L’idée que tout le monde puisse circuler et s’installer où bon lui semble peut paraître aussi absurde que le titre de cet article. Pourtant, l’expérience montre qu’il peut exister des structures sociales et des modes d’organisation collectifs qui permettent aux personnes exilées d’être dans une posture d’acteur.ices et de regagner de l’autonomie. Des structures dans lesquelles la notion « d’étranger.e » ne fait que peu de sens et celle de « personne accueillie » est rapidement remplacée par celle de « cohabitant.e » ou de « voisin.e ». Comment seulement faire que ces possibles émancipateurs remplacent les conceptions racistes dans les imaginaires et les récits territoriaux ?

Lutter pour l’émancipation individuelle et collective c’est redonner le pouvoir d’agir aux personnes qui en ont été privées : un pouvoir d’auto-détermination, mais aussi et surtout un pouvoir d’agir politique.
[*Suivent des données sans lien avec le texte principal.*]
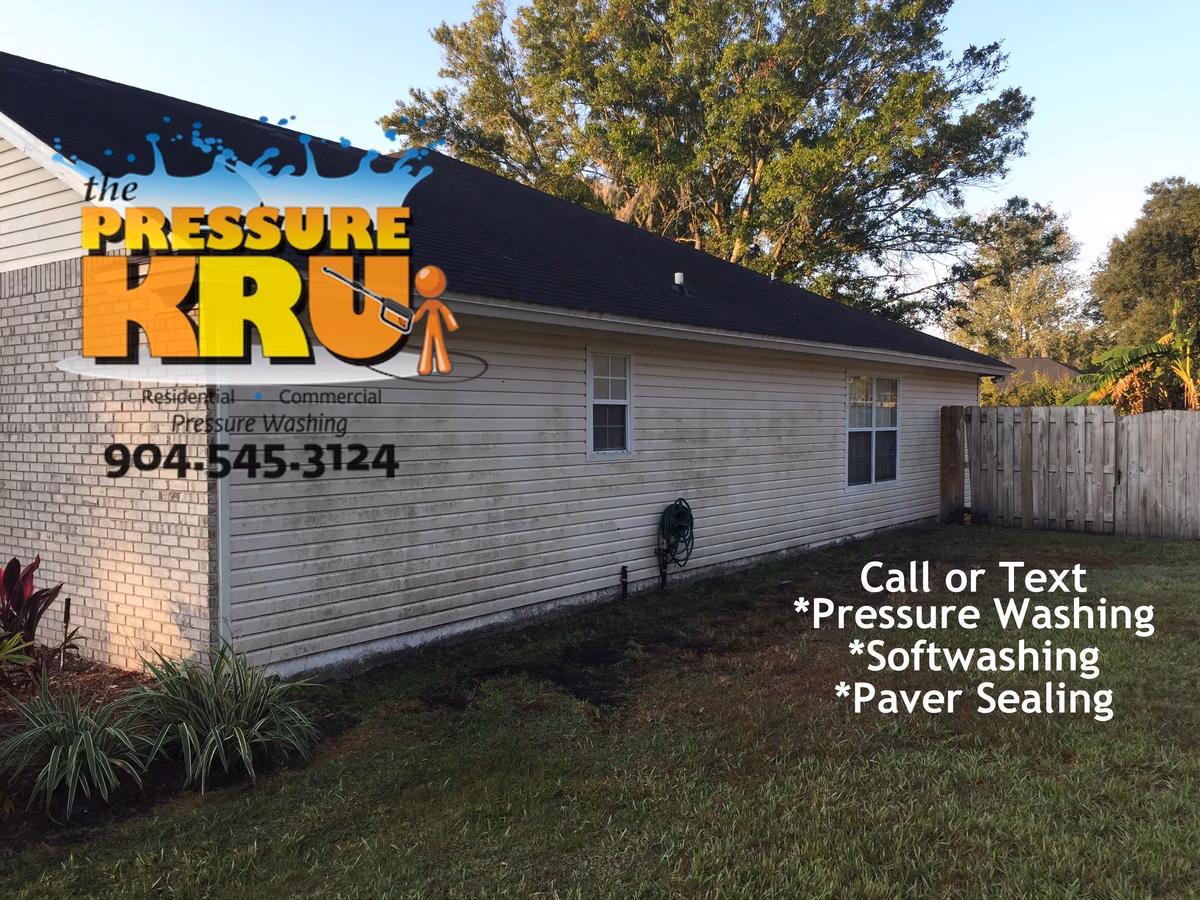 Before algae removal from vinyl siding home in Mandarin neighborhood.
La politologue Fatima Ouassak, comme d’autres théori-cien.nes de la pensée décoloniale, montre que rien de cela ne peut se faire sans laisser aux personnes exilées un « accès à la Terre », et la possibilité de vivre où elles le souhaitent. Souvent considérées comme des sources d’insécurité potentielles, les personnes immigrées ou considérées comme telles ne sont presque jamais associées aux choix politiques ou urbanistiques impactant leurs lieux de vie. Les politiques locales mises en place par messieurs Murgia ou Hermitte sont une déclinaison locale de la politique sécuritaire en œuvre au niveau national : elles cherchent, presque explicitement, à faire du Briançonnais un territoire inhabitable pour toute une partie de la population. Les personnes exilées sont par défaut exclues, exceptionnellement tolérées, mais uniquement dans des lieux prévus à cet effet, qui incarnent l’imaginaire de la « bonne solidarité »; des lieux dans lesquels on peut être « accueilli », mais où on ne vit pas. Si l’on suit la proposition de Fatima Ouassak, l’enjeu n’est pas d’offrir aux personnes exilées un retour à la Terre au sens écolo-privilégié de l’expression, mais de leur rendre la possibilité d’habiter, comme elles veulent, et où elles veulent.
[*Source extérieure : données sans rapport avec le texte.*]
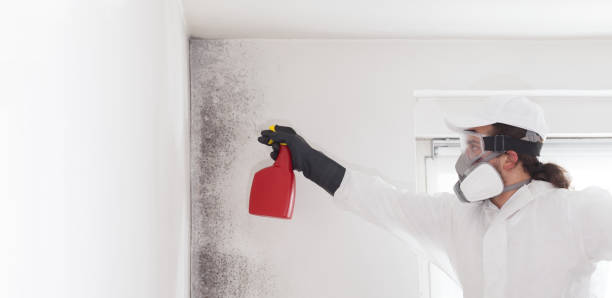 Best Residential Mold Remediation in Atlantic Beach, NC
Là où « être accueilli.e » est un statut passif, « habiter » est une posture active et émancipatrice, tant individuellement que collectivement. En revenant sur l’histoire du marronnage – la sécession des esclaves en Amérique et dans les archipels de l’Océan Indien – le philosophe et anthropologue mahorais Dénètem Touam Bona montre l’importance des « forêts » dans la reprise d’une puissance d’agir collective vers l’émancipation. Le terme « forêt » désigne ici un espace où l’on est libre d’habiter comme on le souhaite, un en-dehors des normes instituées où l’on développe des pratiques de subsistance, de loisir ou de spiritualité, où l’on crée des liens et où l’on s’organise contre un système oppressif. Dans le Briançonnais, les espaces qui se rapprochent de cette idée se font rares. Il y a bien quelques squats, lieux collectifs ou associations où les personnes exilées ne sont pas contraintes par des normes qu’elles n’ont pas faites, mais ils sont rares, et surveillés de près.